Relating to Penny Pilot Options Rebates and Fees
November 6, 2013.
Pursuant to Section 19(b)(1) of the Securities Exchange Act of 1934
(``Act''),\1\ and Rule 19b-4 thereunder,\2\ notice is hereby given that
on October 28, 2013, The NASDAQ Stock Market LLC (``NASDAQ'' or
``Exchange'') filed with the Securities and Exchange Commission
(``SEC'' or ``Commission'') the proposed rule change as described in
Items I, II, and III, below, which Items have been prepared by NASDAQ.
The Commission is publishing this notice to solicit comments on the
proposed rule change from interested persons.
---------------------------------------------------------------------------
\1\ 15 U.S.C. 78s(b)(1).
\2\ 17 CFR 240.19b-4.
---------------------------------------------------------------------------
I. Self-Regulatory Organization's Statement of the Terms of Substance
of the Proposed Rule Change
NASDAQ proposes to modify Chapter XV, entitled ``Options Pricing,''
at Section 2 governing pricing for NASDAQ members using the NASDAQ
Options Market (``NOM''), NASDAQ's facility for executing and routing
standardized equity and index options. Specifically, NOM proposes to
amend certain Customer \3\ and Professional \4\
[[Page 68123]]
Rebates to Add Liquidity in Penny Pilot Options \5\ and NOM Market
Maker \6\ Fees for Removing Liquidity in Penny Pilot Options.

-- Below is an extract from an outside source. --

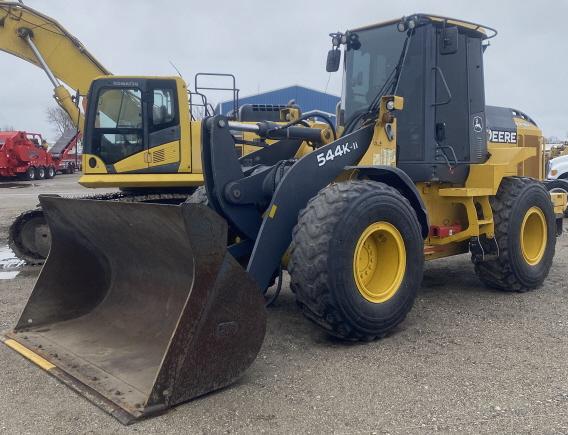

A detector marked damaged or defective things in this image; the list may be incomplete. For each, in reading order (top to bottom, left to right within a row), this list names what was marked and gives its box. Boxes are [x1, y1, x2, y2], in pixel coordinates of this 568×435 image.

rusty bucket surface [1, 197, 268, 422]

---------------------------------------------------------------------------
\3\ The term ``Customer'' applies to any transaction that is
identified by a Participant for clearing in the Customer range at
The Options Clearing Corporation (``OCC'') which is not for the
account of a broker or dealer or for the account of a
``Professional'' (as that term is defined in Chapter I, Section
1(a)(48)).
\4\ The term ``Professional'' means any person or entity that
(i) is not a broker or dealer in securities, and (ii) places more
than 390 orders in listed options per day on average during a
calendar month for its own beneficial account(s) pursuant to Chapter
I, Section 1(a)(48). All Professional orders shall be appropriately
marked by Participants.
\5\ The Penny Pilot was established in March 2008 and in October
2009 was expanded and extended through December 31, 2013. See
Securities Exchange Act Release Nos. 57579 (March 28, 2008), 73 FR
18587 (April 4, 2008) (SR-NASDAQ-2008-026) (notice of filing and
immediate effectiveness establishing Penny Pilot); 60874 (October
23, 2009), 74 FR 56682 (November 2, 2009) (SR-NASDAQ-2009-091)

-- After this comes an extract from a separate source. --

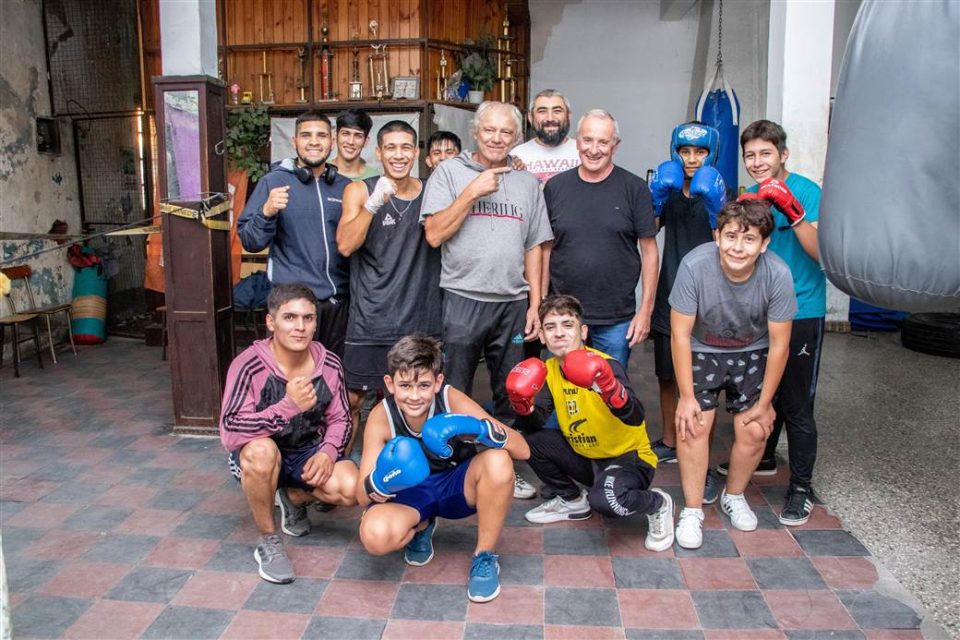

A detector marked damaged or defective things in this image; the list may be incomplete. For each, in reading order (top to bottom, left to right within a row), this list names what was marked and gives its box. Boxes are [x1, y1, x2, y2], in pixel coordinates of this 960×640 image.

peeling paint wall [0, 0, 80, 310]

(notice of filing and immediate effectiveness expanding and
extending Penny Pilot); 60965 (November 9, 2009), 74 FR 59292
(November 17, 2009) (SR-NASDAQ-2009-097) (notice of filing and
immediate effectiveness adding seventy-five classes to Penny Pilot);
61455 (February 1, 2010), 75 FR 6239 (February 8, 2010) (SR-NASDAQ-
2010-013) (notice of filing and immediate effectiveness adding
seventy-five classes to Penny Pilot); 62029 (May 4, 2010), 75 FR
25895 (May 10, 2010) (SR-NASDAQ-2010-053) (notice of filing and
immediate effectiveness adding seventy-five classes to Penny Pilot);
65969 (December 15, 2011), 76 FR 79268 (December 21, 2011) (SR-
NASDAQ-2011-169) (notice of filing and immediate effectiveness
extension and replacement of Penny Pilot); 67325 (June 29, 2012), 77
FR 40127 (July 6, 2012) (SR-NASDAQ-2012-075) (notice of filing and
immediate effectiveness and extension and replacement of Penny Pilot
through December 31, 2012); 68519 (December 21, 2012), 78 FR 136
(January 2, 2013) (SR-NASDAQ-2012-143) (notice of filing and
immediate effectiveness and extension and replacement of Penny Pilot
through June 30, 2013); and 69787 (June 18, 2013), 78 FR 37858 (June
24, 2013) (SR-NASDAQ-2013-082). See also NOM Rules, Chapter VI,
Section 5.
\6\ The term ``NOM Market Maker'' means a Participant that has
registered as a Market Maker on NOM pursuant to Chapter VII, Section
2, and must also remain in good standing pursuant to Chapter VII,
Section 4. In order to receive NOM Market Maker pricing in all
securities, the Participant must be registered as a NOM Market Maker
in at least one security.
---------------------------------------------------------------------------
While the changes proposed herein are effective upon filing, the
Exchange has designated that the amendments be operative on November 1,
2013.
The text of the proposed rule change is available on the Exchange's
Web site at https://www.nasdaq.cchwallstreet.com, at the principal
office of the Exchange, and at the Commission's Public Reference Room.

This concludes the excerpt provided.